Open Access
CC BY-NC 4.0 · Arch Plast Surg 2019; 46(05): 486-487
DOI: 10.5999/aps.2018.01543
Image

Short-scar pectoralis major flap through a submammary fold incision

Authors

  • Daniel Sattler

    Department of Plastic and Aesthetic Surgery, Beta Clinic, Bonn, Germany
  • Maria von Kohout

    Department of Plastic and Aesthetic Surgery, Beta Clinic, Bonn, Germany
  • Armin Kraus

    Department of Plastic, Aesthetic and Hand Surgery, Otto von Guericke University, Magdeburg, Germany
 

We report the case of a 19-year-old female patient who required supraclavicular defect coverage. She suffered from congenital brachial plexus palsy and had undergone 17 prior operations. Due to instability, the clavicle had to be shortened. Wound dehiscence and piercing of the end of the clavicle through the skin occurred ([Fig. 1]). As the patient desired a maximally safe operation with an optimal aesthetic result, we chose a short-scar pectoralis major flap (PMF). The pectoralis major (PM) muscle appeared clinically unaffected, while the back showed extensive scarring from prior operations. A magnetic resonance imaging scan depicted the thoracoacromial artery. The patient provided written informed consent for surgery and publication. The operation was rated as a category C procedure according to Bernstein and Bampoe [1] (amendment to the technique of an established operation) and therefore exempt from institutional review board approval.
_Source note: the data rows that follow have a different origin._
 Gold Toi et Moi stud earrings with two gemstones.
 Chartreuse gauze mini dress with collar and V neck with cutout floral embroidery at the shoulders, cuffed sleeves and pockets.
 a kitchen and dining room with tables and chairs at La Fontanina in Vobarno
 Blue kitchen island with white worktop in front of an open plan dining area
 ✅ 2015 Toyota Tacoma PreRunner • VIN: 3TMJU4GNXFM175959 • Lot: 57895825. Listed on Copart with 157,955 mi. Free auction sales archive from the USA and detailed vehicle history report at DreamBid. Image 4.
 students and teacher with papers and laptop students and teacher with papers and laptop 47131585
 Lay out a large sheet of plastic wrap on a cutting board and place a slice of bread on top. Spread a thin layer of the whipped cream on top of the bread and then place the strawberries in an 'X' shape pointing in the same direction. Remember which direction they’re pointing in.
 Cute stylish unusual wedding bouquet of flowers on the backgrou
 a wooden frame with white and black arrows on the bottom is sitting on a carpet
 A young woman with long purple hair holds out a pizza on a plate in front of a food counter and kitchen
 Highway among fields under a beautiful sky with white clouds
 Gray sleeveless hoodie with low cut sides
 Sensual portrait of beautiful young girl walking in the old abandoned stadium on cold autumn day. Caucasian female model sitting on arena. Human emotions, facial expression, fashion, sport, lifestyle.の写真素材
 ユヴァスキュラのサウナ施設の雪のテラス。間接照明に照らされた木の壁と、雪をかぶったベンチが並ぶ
Debridement with smoothening of the clavicular end was performed first. An 8-cm submammary incision was made and the PM was identified. After dissection, the flap was flipped cranially, pulled through a tunnel up into the defect and fixed above the clavicular stump ([Fig. 2]). The postoperative result was aesthetically pleasing ([Fig. 3]). Defect coverage in the shoulder region by PMFs is not new, and PMFs compete with a vast choice of free fasciocutaneous and musculocutaneous flaps. The complications of PMFs range from breast distortion to complete flap necrosis [2]. The PMF is not known for good cosmesis, usually leaving extensive scars. An inframammary approach was described by Zbar et al. [3], but with an incision leaving a longer scar. This led us to think about a scar-sparing approach, and making an incision of the type used for breast augmentation seemed natural.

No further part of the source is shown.